(Crawled caption data)
Start of Block

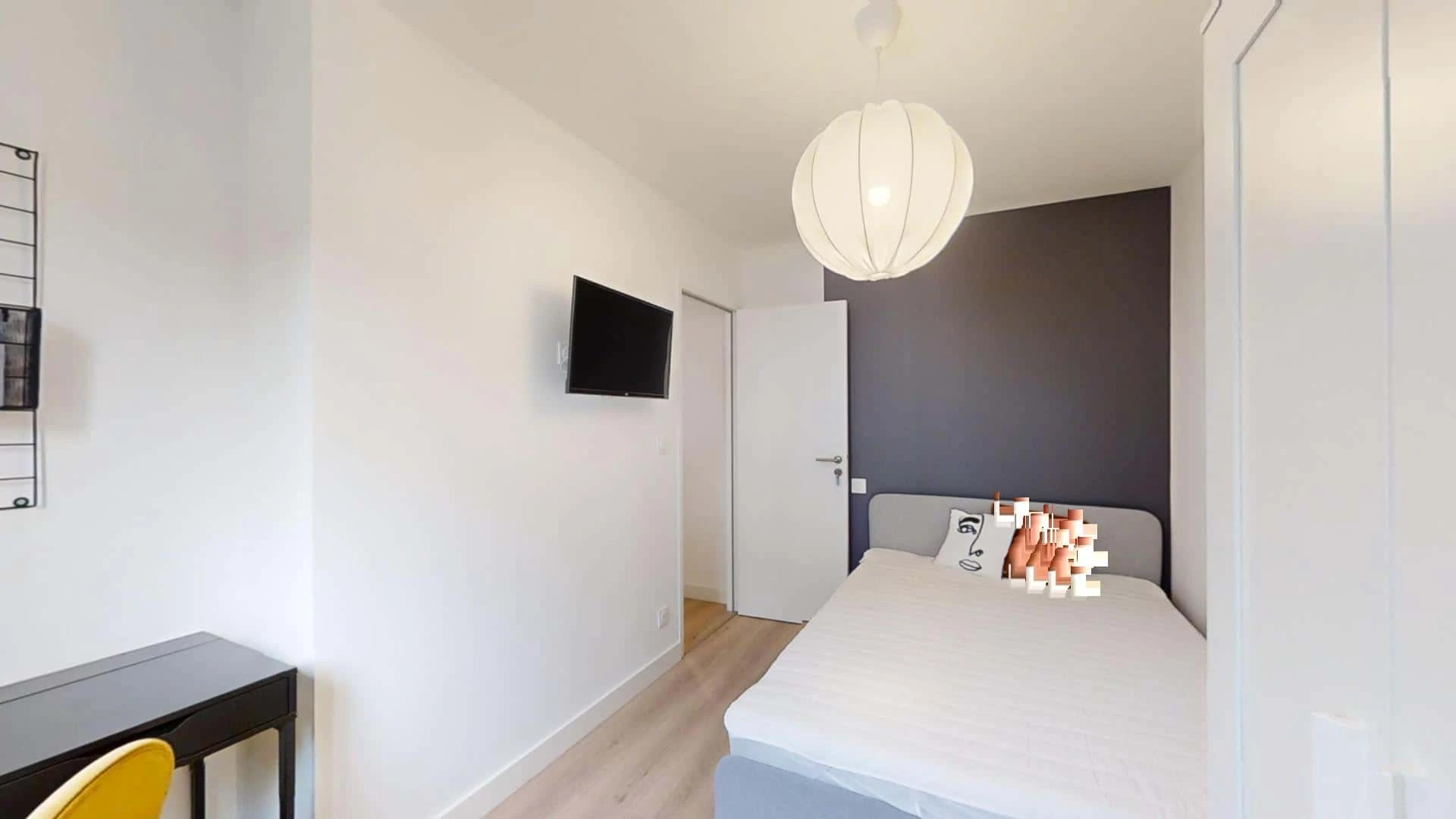 Funktionelles Studentenzimmer perfekt zum Studieren in 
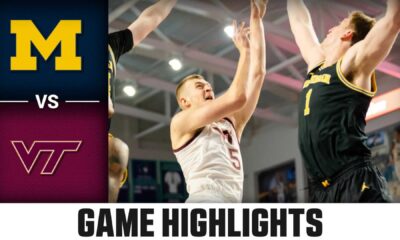 Michigan Vs Virginia Tech Basketball Game Highlights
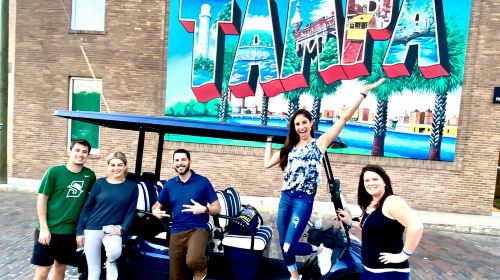 Guided Tampa Sightseeing Tour in a Deluxe Street Legal Golf Cart Day Tours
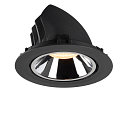 SLV LED Ceiling recessed luminaire NUMINOS� GIMBLE XL, 3000K, 20�, black/chrome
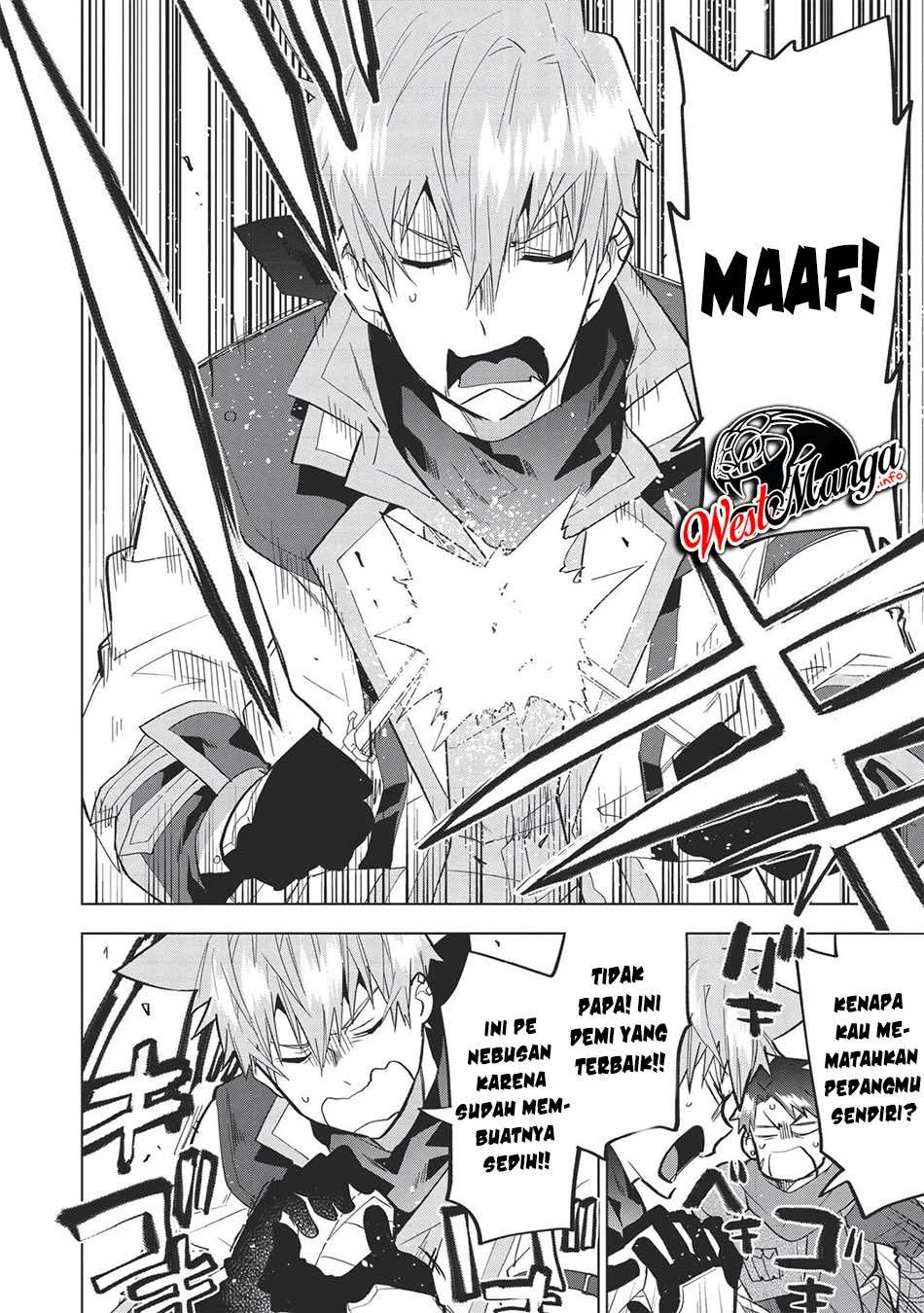 Seikenshi-sama no Maken-chan Chapter 03 Gambar 8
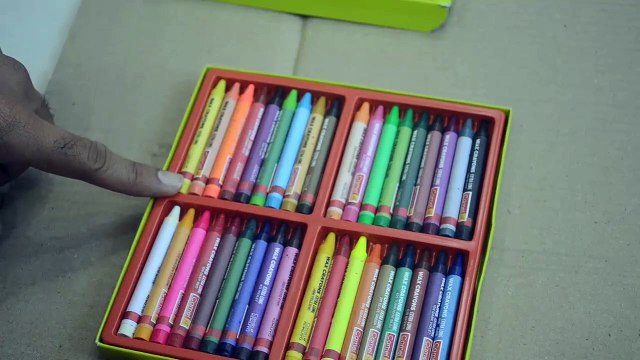 Camel Wax Crayons - Extra Long 36 Shades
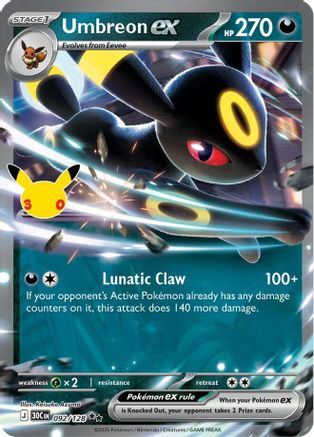 Umbreon ex (92) Holofoil - 30th Celebration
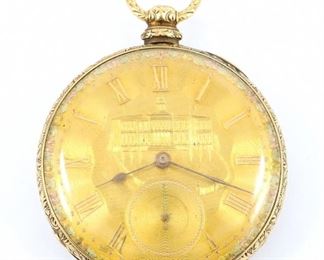 Breitling Laederich 14k Gold Pocket Watch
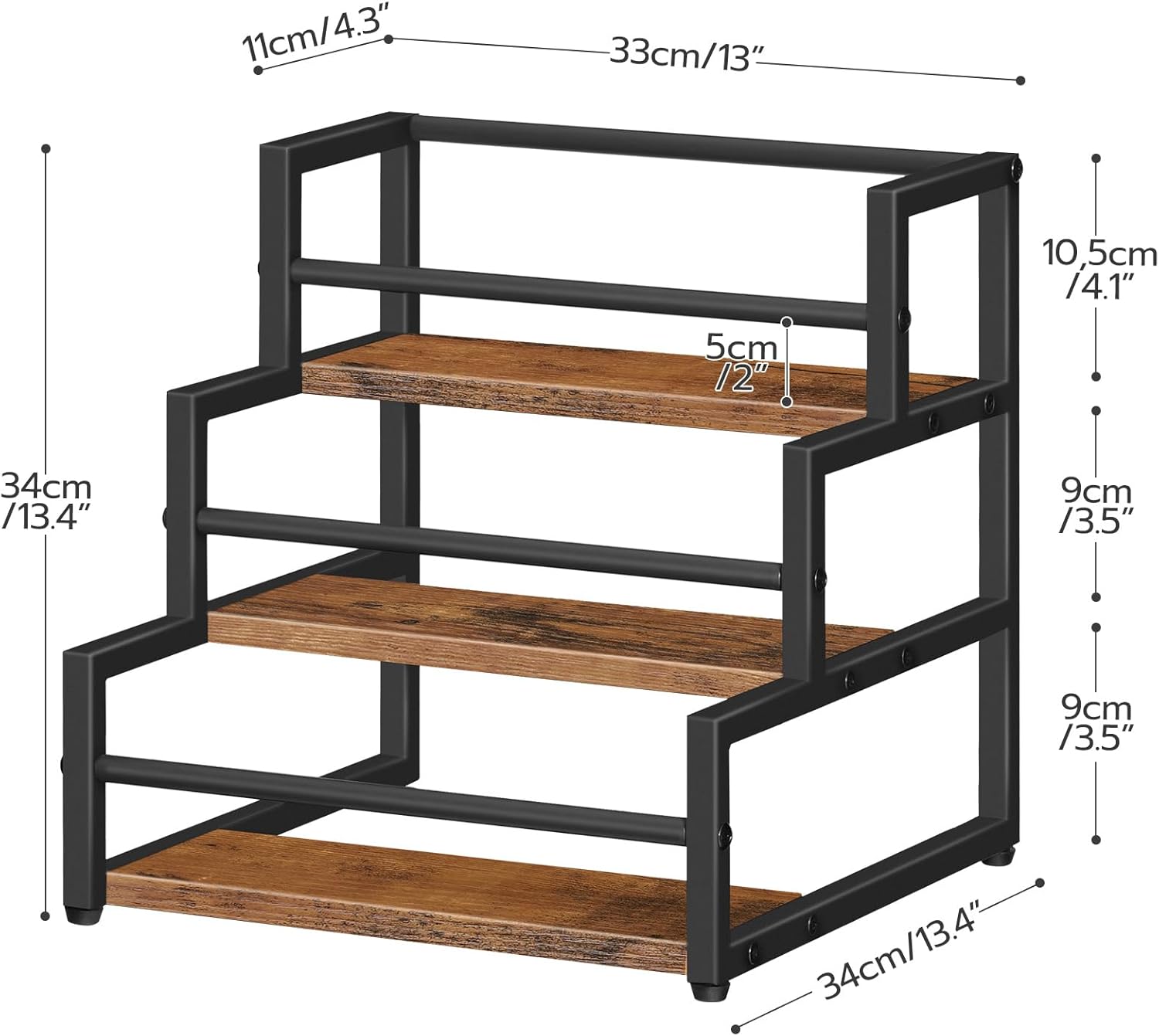 HOOBRO 3-Tier Coffee Syrup Rack Organizer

End of Block

▶ [Required action]
Without the pictures, return the records above exactly as written.

▶ [Exercise solution]
 Funktionelles Studentenzimmer perfekt zum Studieren in 
 Michigan Vs Virginia Tech Basketball Game Highlights
 Guided Tampa Sightseeing Tour in a Deluxe Street Legal Golf Cart Day Tours
 SLV LED Ceiling recessed luminaire NUMINOS� GIMBLE XL, 3000K, 20�, black/chrome
 Seikenshi-sama no Maken-chan Chapter 03 Gambar 8
 Camel Wax Crayons - Extra Long 36 Shades
 Umbreon ex (92) Holofoil - 30th Celebration
 Breitling Laederich 14k Gold Pocket Watch
 HOOBRO 3-Tier Coffee Syrup Rack Organizer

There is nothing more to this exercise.